I use the same code for texture projection and as I do for the camera. This hasn’t been a problem. I actually tried projecting a texture using the exact same matrices that I use for the camera and it still runs slow.

I hope I’m mistaken and that the GeForce1 DDR really can do general 4x4 matrix multiplications on texture coords. Maybe Cass or mcraighead can confirm this ?

  • Paul

Just a small update…

A friend has just tested the program on a GeForce3 and it runs at 160fps ( where the GF1 ran at 25fps using TexGen/Texture matrices ).

  • Paul

I just ran that projective texture demo thingy on the NVEffectsBrowser and I was getting almost 1200fps.

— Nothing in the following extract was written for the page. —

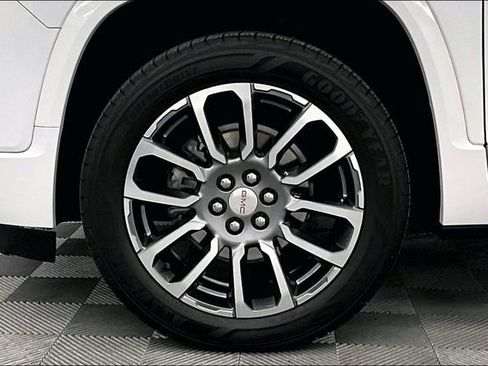 Used 2022 GMC Acadia Denali w/ Trailering Package image 9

But when i started to move the projector around it dropped to about 12 to 30fps. Im using a GeForce DDR 32mb. Why does the framerate drop so slow when the projector is moved around?


Specifically which demo are you talking about? Is it the one that has shadows?



GeForce 256 T&L has a hardware issue with projective texture matrices that forces a software fallback. As mentioned in the vertex array range whitepaper, any software fallback is particularly painful when using VAR because the driver has to read from uncached memory.

There is a hardware accelerated application work-around if you’re using object linear or eye linear texgen. You can simply bake the texture matrix directly into the texgen planes. This is actually more efficient as well.

There is a related issue that comes up when using a non-identity texture matrix with cube map texture coordinates (s,t,r) on GeForce 256. See my post on the “Cube mapping disabling VAR…” thread in this forum for details.

This issue exists ONLY for GeForce 256 (DDR & SDR) and Quadro hardware. No other GeForce class hardware is affected. Specifically, no variety of GeForce2, GeForce3, Quadro2 or Quadro DCC is affected.

                                                                                        Thanks -

Thanks, Cass. Moving everthing to the texgen planes and using an identity texture matrix worked. Using VAR is a great way to find out if you’re running Hw accelerated or not.

If it’s not a secret, I would like to know what specifically makes the driver choose the software path.

  • Paul

[This message has been edited by PH (edited 06-15-2001).]


As you’ve already hinted, the issue is with non-zero entries in the 3rd row of the texture matrix. There are really only 3 rows in the texture matrix for GeForce{1|2} hardware since it doesn’t support 3D textures. For projective texturing the rows are (s,t,q) and for cube mapping they’re (s,t,r), but it’s always the 3rd one.

Thanks -

[q]There is a hardware accelerated application work-around if you’re using object linear or eye linear texgen. You can simply bake the texture matrix directly into the texgen planes. This is actually more efficient as well.[/q]

Probably it is possible to do such workaround on driver level? It will be fixed in next detonators?